About this task:
Each entry below should be output exactly, apart from its images.

***** Raw data

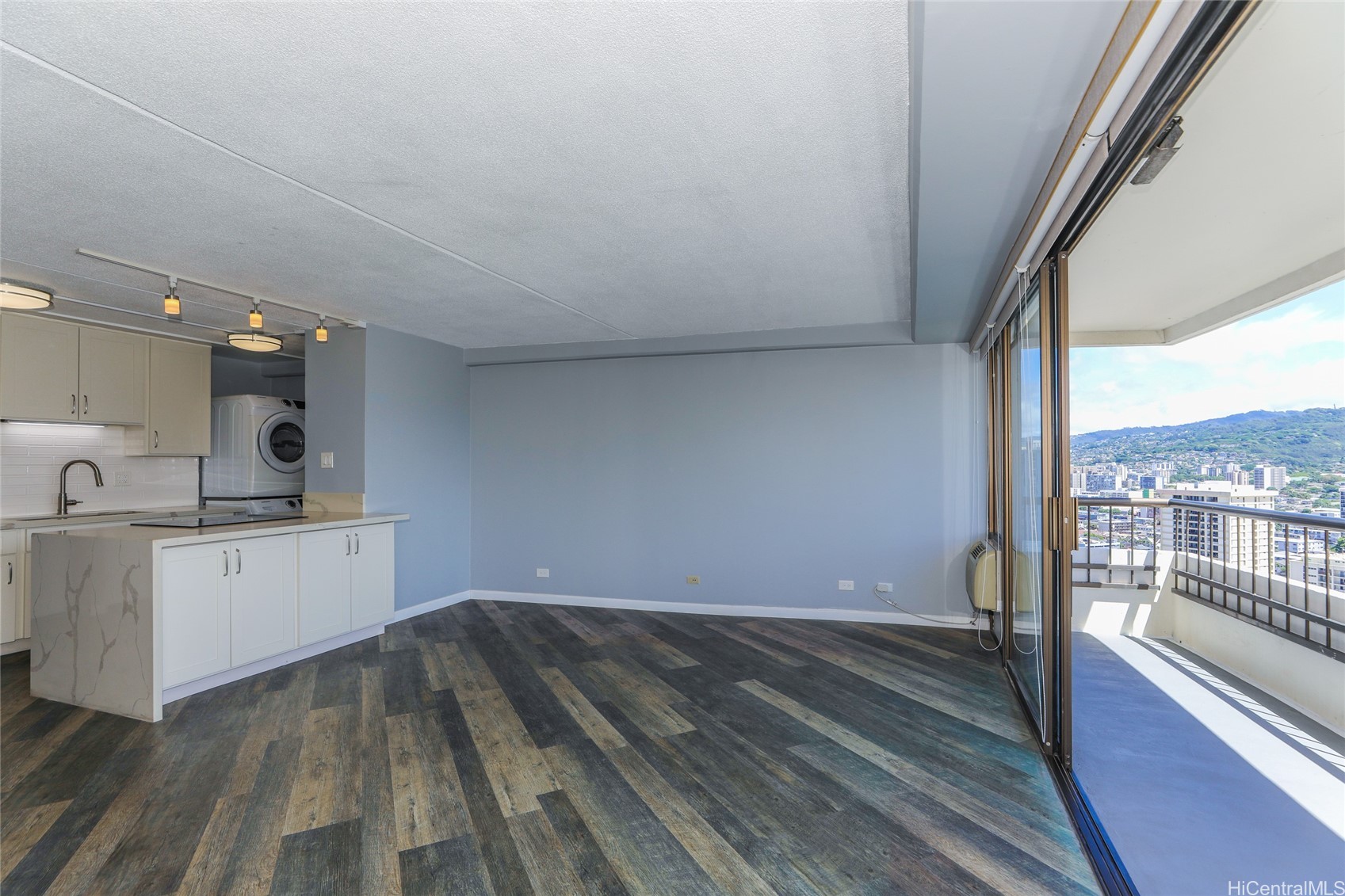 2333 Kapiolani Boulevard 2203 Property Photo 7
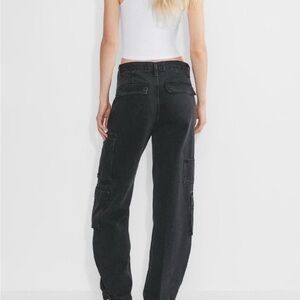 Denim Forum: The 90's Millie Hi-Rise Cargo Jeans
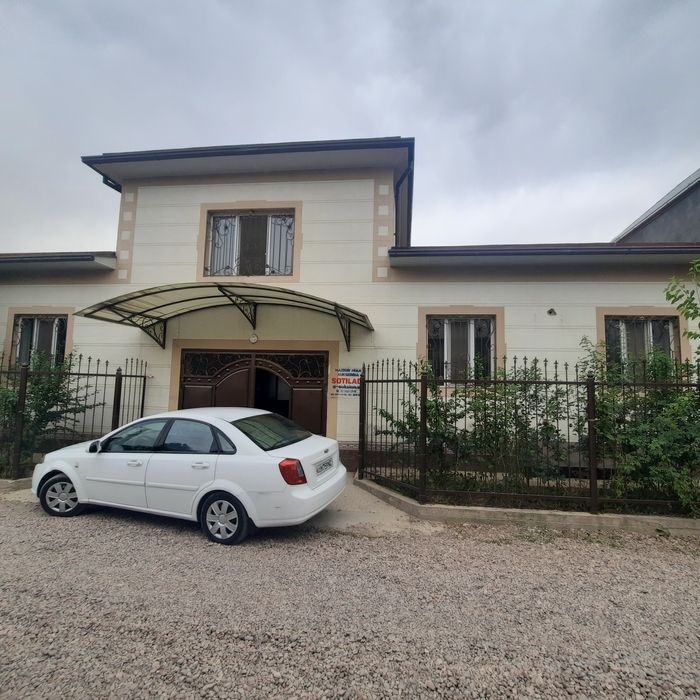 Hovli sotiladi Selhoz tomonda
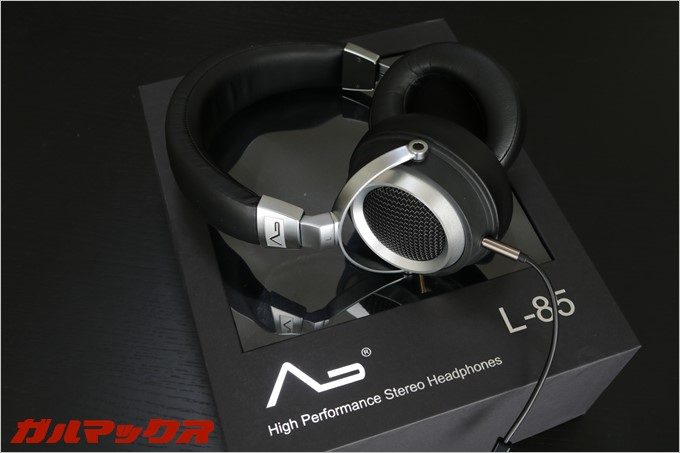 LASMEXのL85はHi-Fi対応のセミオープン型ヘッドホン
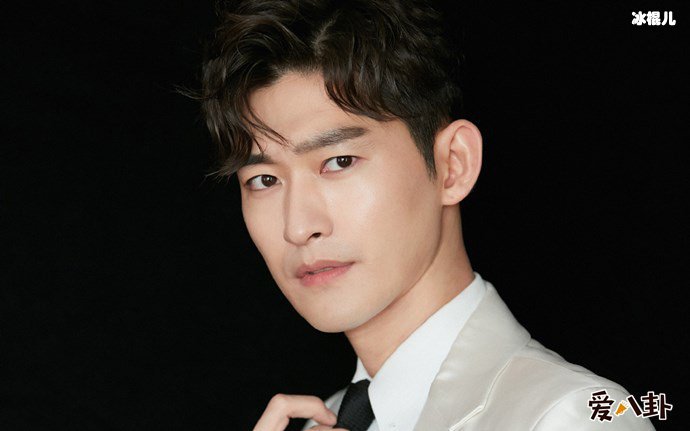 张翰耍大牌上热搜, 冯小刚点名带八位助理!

**********

Result below:
 2333 Kapiolani Boulevard 2203 Property Photo 7
 Denim Forum: The 90's Millie Hi-Rise Cargo Jeans
 Hovli sotiladi Selhoz tomonda
 LASMEXのL85はHi-Fi対応のセミオープン型ヘッドホン
 张翰耍大牌上热搜, 冯小刚点名带八位助理!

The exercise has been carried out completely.